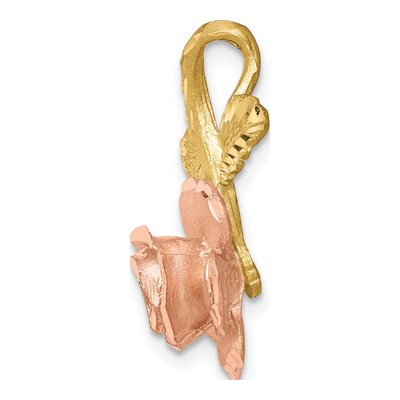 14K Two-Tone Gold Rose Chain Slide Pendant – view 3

######

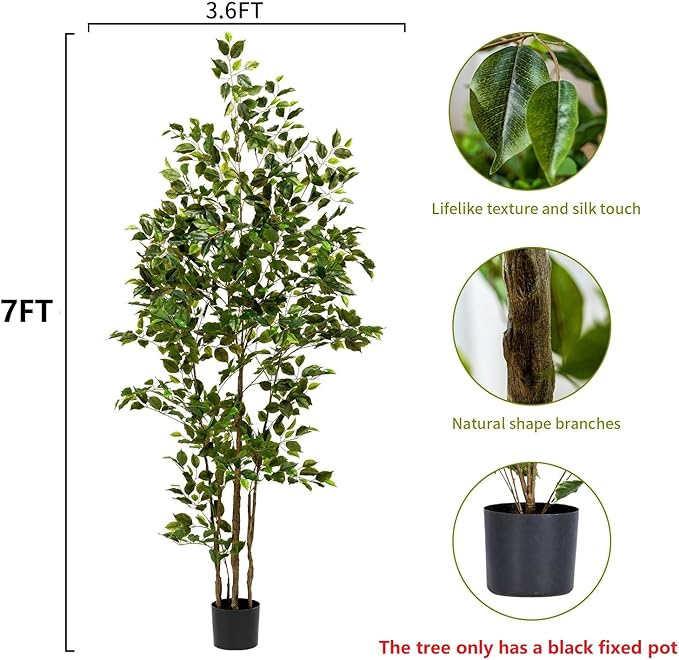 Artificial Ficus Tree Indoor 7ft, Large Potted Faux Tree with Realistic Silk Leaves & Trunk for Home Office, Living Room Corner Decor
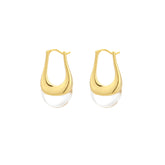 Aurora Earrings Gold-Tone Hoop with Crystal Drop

######

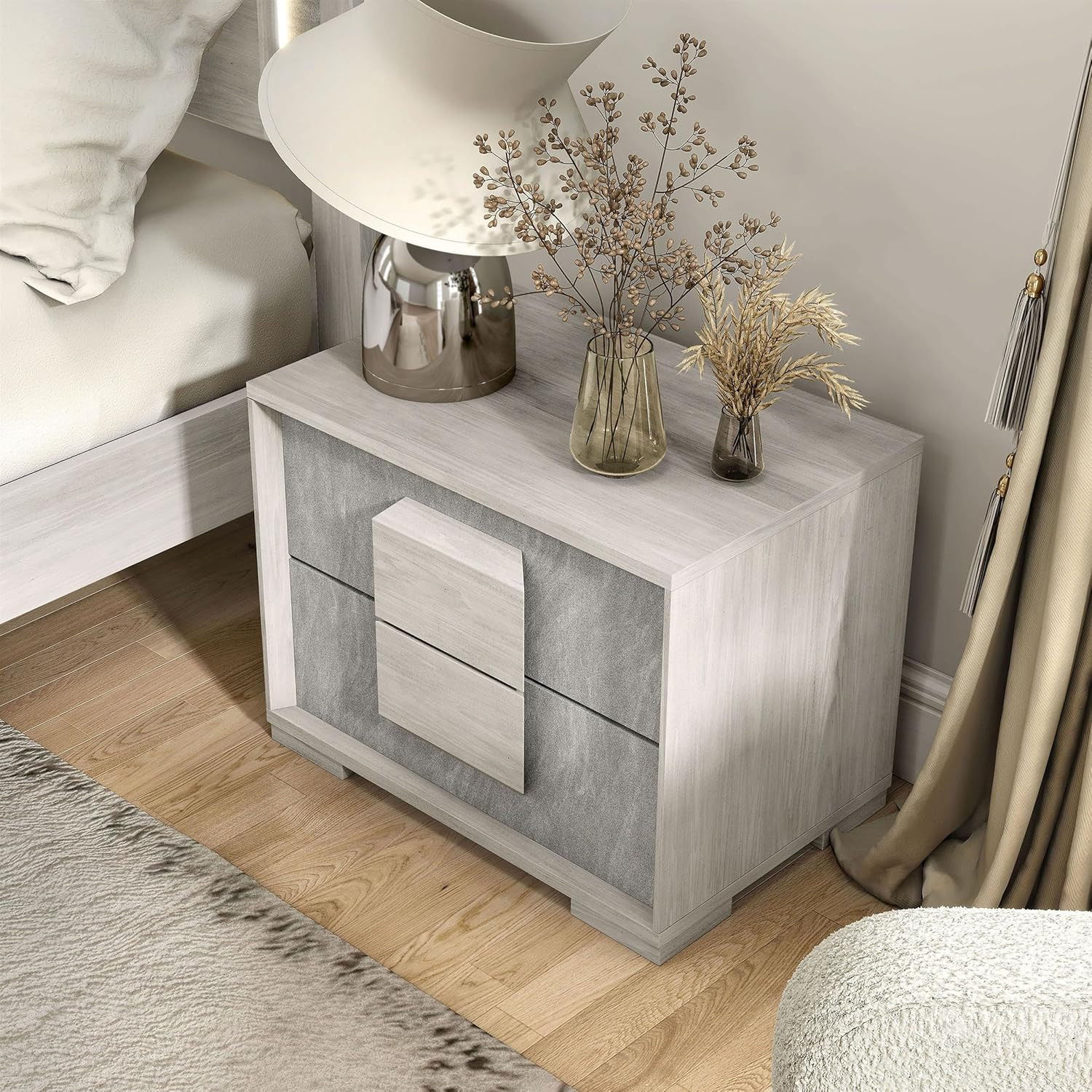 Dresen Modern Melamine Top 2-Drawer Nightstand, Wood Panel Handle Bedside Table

######

What you are asked to do:
Using the records above, return word for word the lines that begin at the one containing "Artificial Ficus Tree" and end at the one containing "Aurora Earrings Gold-Tone", both of them included and no pictures.

Reply:
 Artificial Ficus Tree Indoor 7ft, Large Potted Faux Tree with Realistic Silk Leaves & Trunk for Home Office, Living Room Corner Decor
 Aurora Earrings Gold-Tone Hoop with Crystal Drop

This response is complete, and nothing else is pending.